A replica can itself act as a master to other replicas. The intermediate node receives the master's stream, applies it locally, and forwards it to its own replicas:
master ─→ mid-replica ─→ leaf-replica
fan-out=1 fan-out=N
vs.
master ─→ leaf-replica ×N ← master fanout=N Useful for many-replica deployments where master CPU or NIC becomes the bottleneck of replication fanout. The cost: leaf replicas see double the lag (two replication hops) and a problem at the mid-replica disconnects all leaves. Don't chain unless you've measured that the master is genuinely fanout-limited.
FAQ
What's the difference between PSYNC and SYNC?
SYNC was the original Redis 1.x protocol: replica connects, master generates a full RDB and streams it, then forwards every subsequent command. PSYNC (partial sync) added in 2.8 lets a replica that briefly disconnected resume from the master's replication backlog if it's still in range — avoiding the full RDB. PSYNC2 in Redis 4.0 made offsets survive failover. Today PSYNC is universal; SYNC is just the synonym used when no offset/runID is known yet.
What is the replication backlog?
A circular in-memory buffer on the master holding the most recent N bytes of replication stream. Default repl-backlog-size is 1 MB; raise it for high write rate or unstable networks. When a replica reconnects after a brief disconnect, it sends PSYNC <runID> <offset>; if the requested offset is still in the backlog, the master streams just the missing tail. If it's been overwritten, it falls back to full sync via RDB.
What is min-slaves-to-write actually doing?
When set to N, the master refuses writes if fewer than N replicas have ack'd within min-slaves-max-lag seconds. This is a soft synchronous-replication guarantee: if the master partitions away from its replicas, it stops accepting writes after the lag window expires, preventing accepted-then-lost writes. It's not transactional — there's still a window of accepted writes before lag is detected. For ledger-grade durability, look at Sentinel quorum or Redis Cluster.

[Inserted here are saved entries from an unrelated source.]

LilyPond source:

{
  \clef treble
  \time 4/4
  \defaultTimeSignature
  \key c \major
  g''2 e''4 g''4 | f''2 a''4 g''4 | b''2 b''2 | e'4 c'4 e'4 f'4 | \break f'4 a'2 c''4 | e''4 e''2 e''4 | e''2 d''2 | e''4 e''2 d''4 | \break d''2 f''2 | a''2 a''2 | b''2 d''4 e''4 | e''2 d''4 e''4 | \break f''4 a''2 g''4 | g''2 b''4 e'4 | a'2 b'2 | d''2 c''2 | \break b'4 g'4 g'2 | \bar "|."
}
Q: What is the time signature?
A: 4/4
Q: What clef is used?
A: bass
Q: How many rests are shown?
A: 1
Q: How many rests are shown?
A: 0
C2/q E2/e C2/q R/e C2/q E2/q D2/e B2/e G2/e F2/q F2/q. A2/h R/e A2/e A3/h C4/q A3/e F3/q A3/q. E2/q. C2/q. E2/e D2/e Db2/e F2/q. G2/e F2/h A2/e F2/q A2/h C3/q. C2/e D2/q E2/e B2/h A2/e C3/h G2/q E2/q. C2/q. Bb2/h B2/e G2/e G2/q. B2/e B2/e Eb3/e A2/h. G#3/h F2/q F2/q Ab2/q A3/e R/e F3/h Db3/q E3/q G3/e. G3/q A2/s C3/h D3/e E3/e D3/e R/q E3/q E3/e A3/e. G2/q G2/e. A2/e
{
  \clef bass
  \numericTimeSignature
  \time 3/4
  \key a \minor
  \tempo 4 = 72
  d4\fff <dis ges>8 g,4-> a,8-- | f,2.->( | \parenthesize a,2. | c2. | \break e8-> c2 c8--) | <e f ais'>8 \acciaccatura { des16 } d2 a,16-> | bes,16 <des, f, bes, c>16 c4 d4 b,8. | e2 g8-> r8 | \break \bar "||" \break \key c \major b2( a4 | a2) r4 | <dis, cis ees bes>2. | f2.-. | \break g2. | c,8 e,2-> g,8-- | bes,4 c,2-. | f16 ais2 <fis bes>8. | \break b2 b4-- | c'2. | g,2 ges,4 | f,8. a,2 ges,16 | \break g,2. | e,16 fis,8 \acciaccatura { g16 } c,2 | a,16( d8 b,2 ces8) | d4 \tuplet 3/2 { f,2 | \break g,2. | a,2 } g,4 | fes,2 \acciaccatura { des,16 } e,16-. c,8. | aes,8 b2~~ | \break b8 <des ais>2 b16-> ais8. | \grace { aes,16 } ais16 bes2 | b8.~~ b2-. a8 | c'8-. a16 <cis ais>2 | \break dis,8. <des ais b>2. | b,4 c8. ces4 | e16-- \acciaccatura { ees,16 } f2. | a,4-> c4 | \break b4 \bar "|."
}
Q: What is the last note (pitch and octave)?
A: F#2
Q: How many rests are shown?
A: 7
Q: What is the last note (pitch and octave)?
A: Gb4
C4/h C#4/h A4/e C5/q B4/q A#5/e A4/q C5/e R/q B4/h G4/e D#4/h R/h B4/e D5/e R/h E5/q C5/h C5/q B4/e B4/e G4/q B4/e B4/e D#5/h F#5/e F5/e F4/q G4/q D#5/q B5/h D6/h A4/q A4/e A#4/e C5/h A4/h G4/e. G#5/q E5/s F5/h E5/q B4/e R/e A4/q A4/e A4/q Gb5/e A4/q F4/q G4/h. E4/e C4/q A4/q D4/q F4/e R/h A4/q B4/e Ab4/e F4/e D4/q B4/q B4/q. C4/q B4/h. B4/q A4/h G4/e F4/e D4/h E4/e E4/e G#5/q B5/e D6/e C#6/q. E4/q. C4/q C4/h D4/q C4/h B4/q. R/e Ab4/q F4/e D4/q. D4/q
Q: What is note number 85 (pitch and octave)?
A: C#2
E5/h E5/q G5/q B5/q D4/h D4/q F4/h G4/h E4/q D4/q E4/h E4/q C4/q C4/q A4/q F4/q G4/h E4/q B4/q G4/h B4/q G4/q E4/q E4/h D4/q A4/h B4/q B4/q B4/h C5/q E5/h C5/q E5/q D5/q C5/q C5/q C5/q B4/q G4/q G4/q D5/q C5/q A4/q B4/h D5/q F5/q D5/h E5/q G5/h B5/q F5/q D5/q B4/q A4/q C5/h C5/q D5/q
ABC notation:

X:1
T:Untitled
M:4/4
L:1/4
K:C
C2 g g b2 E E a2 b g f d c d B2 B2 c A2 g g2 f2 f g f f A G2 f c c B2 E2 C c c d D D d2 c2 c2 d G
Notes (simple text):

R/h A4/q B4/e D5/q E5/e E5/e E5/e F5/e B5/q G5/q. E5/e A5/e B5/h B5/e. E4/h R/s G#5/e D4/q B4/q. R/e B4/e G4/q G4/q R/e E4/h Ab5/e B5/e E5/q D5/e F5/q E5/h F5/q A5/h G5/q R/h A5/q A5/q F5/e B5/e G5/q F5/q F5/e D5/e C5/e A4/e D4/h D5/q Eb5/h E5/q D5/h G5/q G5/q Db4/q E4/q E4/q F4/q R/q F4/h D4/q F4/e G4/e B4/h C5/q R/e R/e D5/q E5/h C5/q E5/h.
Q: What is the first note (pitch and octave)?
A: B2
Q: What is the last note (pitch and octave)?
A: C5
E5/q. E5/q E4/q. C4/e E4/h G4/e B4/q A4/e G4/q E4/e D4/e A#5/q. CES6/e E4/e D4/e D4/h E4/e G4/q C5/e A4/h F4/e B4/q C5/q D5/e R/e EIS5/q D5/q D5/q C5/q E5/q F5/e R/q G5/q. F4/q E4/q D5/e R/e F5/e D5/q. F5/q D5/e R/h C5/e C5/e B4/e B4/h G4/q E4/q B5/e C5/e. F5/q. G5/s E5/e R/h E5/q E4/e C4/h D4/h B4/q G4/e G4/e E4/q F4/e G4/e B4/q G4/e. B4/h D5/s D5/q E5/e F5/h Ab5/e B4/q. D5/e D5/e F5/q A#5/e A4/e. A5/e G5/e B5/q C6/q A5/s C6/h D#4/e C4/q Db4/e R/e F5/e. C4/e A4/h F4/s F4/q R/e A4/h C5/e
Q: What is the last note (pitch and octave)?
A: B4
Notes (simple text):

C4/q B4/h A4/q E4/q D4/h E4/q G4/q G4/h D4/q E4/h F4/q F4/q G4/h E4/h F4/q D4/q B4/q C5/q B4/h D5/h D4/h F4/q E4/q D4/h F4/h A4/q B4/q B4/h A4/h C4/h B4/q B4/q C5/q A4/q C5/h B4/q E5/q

When does diskless replication win?
When the master's local disk is slow but the network is fast. Cloud instances with ephemeral SSD often have 100-200 MB/s disk vs 1.25 GB/s network. Without diskless (repl-diskless-sync no), full sync writes the RDB to disk then sends it — ~30s for 5 GB on slow disk. Diskless streams from the forked child directly through a pipe to the socket, saving the disk round-trip. The downside: if the connection drops mid-stream, the next replica that arrives has to wait for a fresh fork.
Can a chain of replicas (replica → replica) work?
Yes, since 4.0. Set replicaof master:port on the intermediate node and another replicaof intermediate:port on the leaf. Replicas relay the stream they receive. This reduces network load on the master when you have many replicas, at the cost of higher replication lag for leaves (master → mid → leaf, two hops instead of one). Useful for cross-region read replicas where the WAN hop should happen once, not N times.
Why is replica-priority interesting?
It's the tiebreaker for which replica gets promoted on failover. Priority 0 means 'never promote me' — useful for analytics replicas you want to stay as replicas. Lower numbers win (with ties broken by replication offset). In Sentinel and Cluster, this is honored automatically. A common pattern: priority 100 for primary failover candidates, priority 200 for secondary candidates, priority 0 for analytics.